We’ve been doing this Kalahari thing for a while now, and they tend to all run together in one’s memory after a while, so this year my hunting buddy decided to make things memorable by rolling his trailer on our way there.

Fortunately the guns and the wine were in the bakkie. But our food, clothes, some beer and a whole lot of other stuff was all over the road. Paul had the presence of mind to take a photograph or two, the rest of us were wandering around in a daze picking up bits of stuff.

I was very fortunate — my binoculars picked up a couple of dings, my (field) camera came through unscathed, even my wine glass (wrapped up in my clothes bag) survived without a scratch.

We ended up having to wash the road rash off of a whole lot of stuff, but all in all it was good — except for the loss of the trailer, of course.

We’d driven up a couple of days earlier than we needed to because we wanted to mess around a bit.
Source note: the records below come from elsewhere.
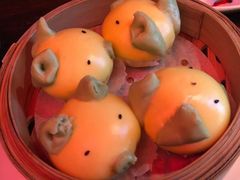 -外婆家(蓝色港湾店)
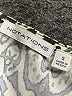 Notations Paisley Black Casual Dress Size S - photo 7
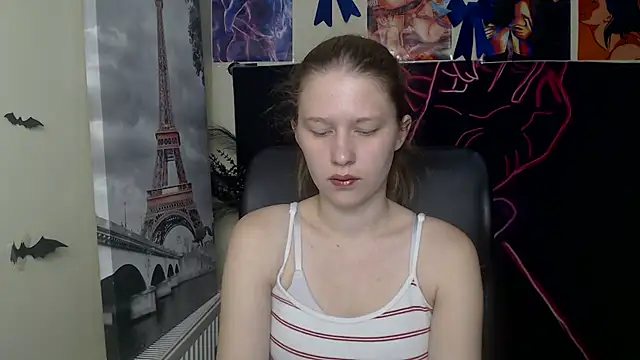 StellaCRL online show from 7, 5, 2026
The guys parked an 8″ gong at 500m and we proceeded to make fools of ourselves (to be fair, once they got the range, some of the guys managed to ring the gong quite a few times. Me, I’m still trying).

The next day we put some pins and anything else that looked like a target out and wasted a whole lot of ammo. We also shot shotguns at the three clays that had survived the roll… Fun was had.
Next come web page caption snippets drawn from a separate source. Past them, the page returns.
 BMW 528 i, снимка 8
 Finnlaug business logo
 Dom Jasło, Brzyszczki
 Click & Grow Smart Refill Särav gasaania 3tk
And then we all dressed in camo so that the buck won’t be able to see us on the back of the bakkie (running joke. These are the clothes we don’t mind getting full of blood and shit. Sometimes it needs to be camo, Other times not. That’s just how it works).

Just before 11:00, day one, and my hunt was done. Nice little bull, facing away from me up a hill almost 300m away, hit him on one of the last ribs on his left-hand side, bullet passed through his lungs and took out his right front leg, found him deadĀ  just over the hill 60m from where I’d shot him.
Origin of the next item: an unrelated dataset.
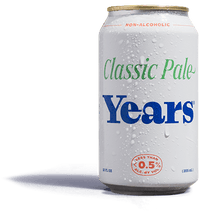 Years Brewing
Lunch under a random tree, In Accordance With Tradition.

Faan got his one.

On the way back there was a dead ewe in the middle of the road. Just up and died, obviously after we’d passed by earlier. Threw the ewe on the bakkie, adopted the lamb (they get bottle fed and then put back into the herd to grow big and end up on a shelf in your local supermarket).

Hano got another springbok… (I ranged and spotted this one. Clean headshot at 345m. I saw the bullet hit the boss (base of the horns))

… and a boerbok (they’re wild. You have to shoot them running at 100m+. Hano wanted a trophy. Hano is weird that way.

Thomas shot a nice big bull. We were watching the herd from about 300, 350m, for a long time and Thomas took the time to pick a big one and to wait for him to move out of the herd. This is the biggest problem, generally. The one you want has other buckĀ  in front or behind or he has his arse pointed at you. Sometimes the herd is calm and you can take your time.

Group photo the morning we left.

The trip back was uneventful. One borrowed trailer with meat, one hired trailer with remains of original trailer, no worries, parked the meat in Hano’s coolroom, unpacked, I stayed over in Bellville because it got late.